**SOURCE RECORDS:**

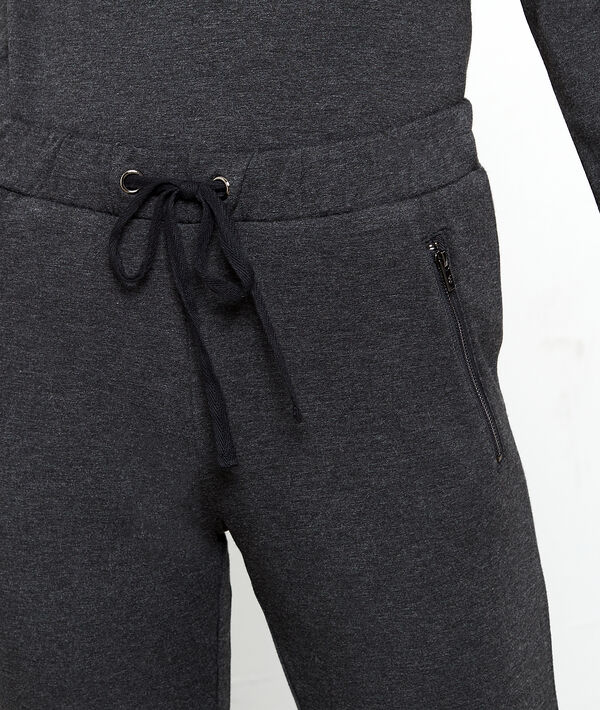 Pantalon molleton gris.
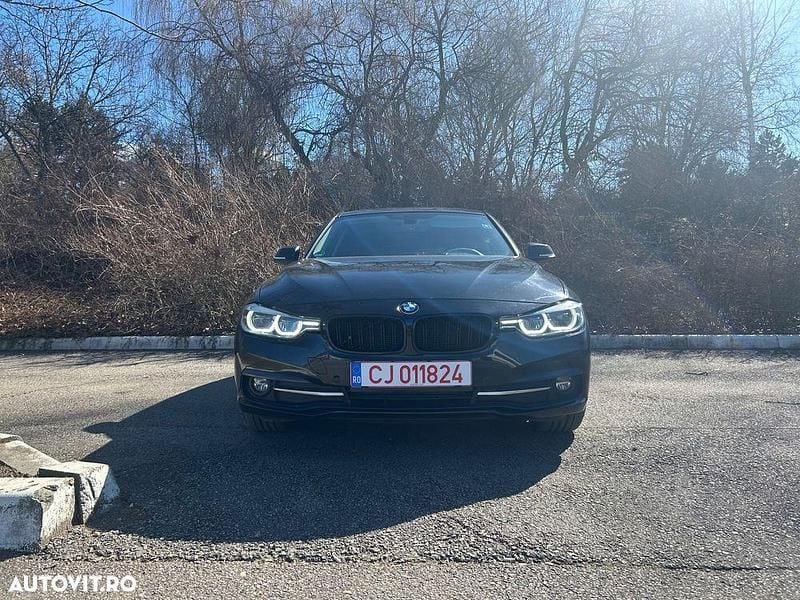 Second-hand BMW 320 Sport Line 190 CP (139 kW) 2017 Culoarenegru Berlinǎ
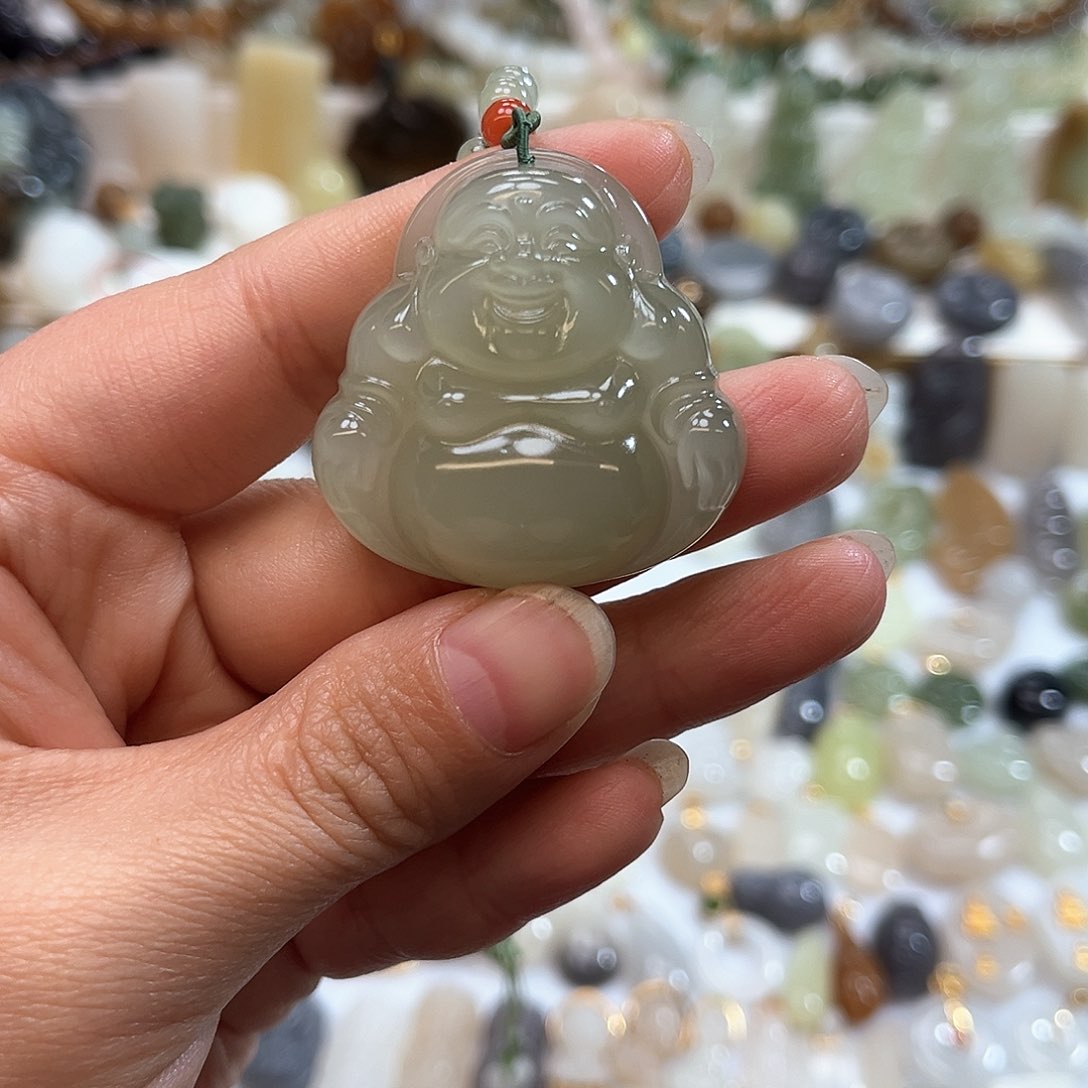 和田玉吊坠(赠链)未镶嵌L*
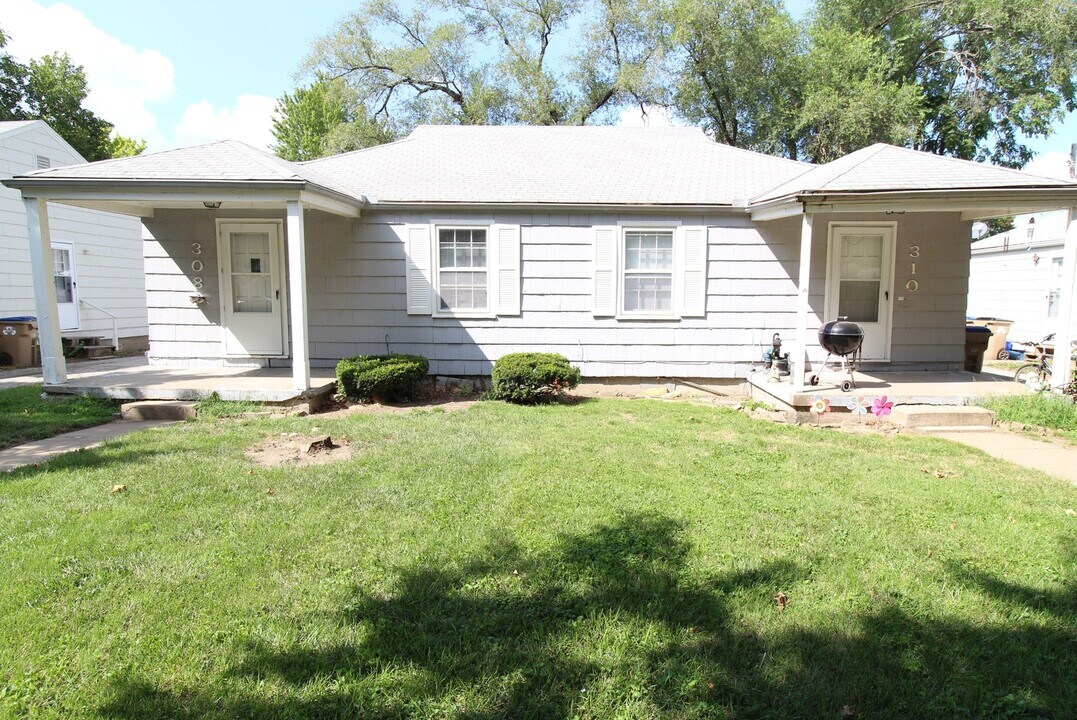 308 E 27th Ave in North Kansas City, MO - Building Photo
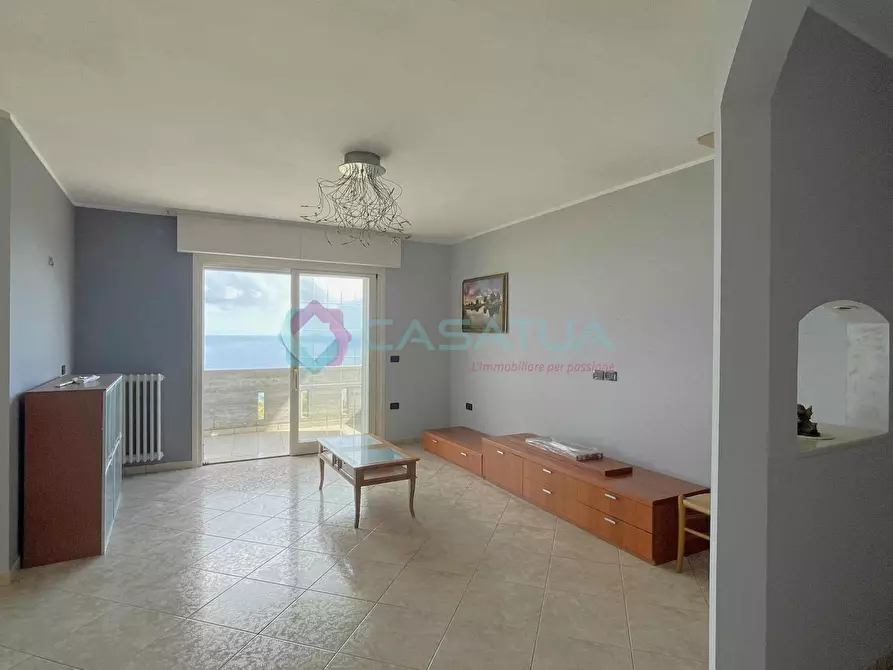 Immagine 13 di Porzione di casa in vendita  a Silvi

**WORK ITEM:**
Only the pictures are to be dropped; return everything else in the listing exactly.

**WRITTEN ANSWER:**
 Pantalon molleton gris.
 Second-hand BMW 320 Sport Line 190 CP (139 kW) 2017 Culoarenegru Berlinǎ
 和田玉吊坠(赠链)未镶嵌L*
 308 E 27th Ave in North Kansas City, MO - Building Photo
 Immagine 13 di Porzione di casa in vendita  a Silvi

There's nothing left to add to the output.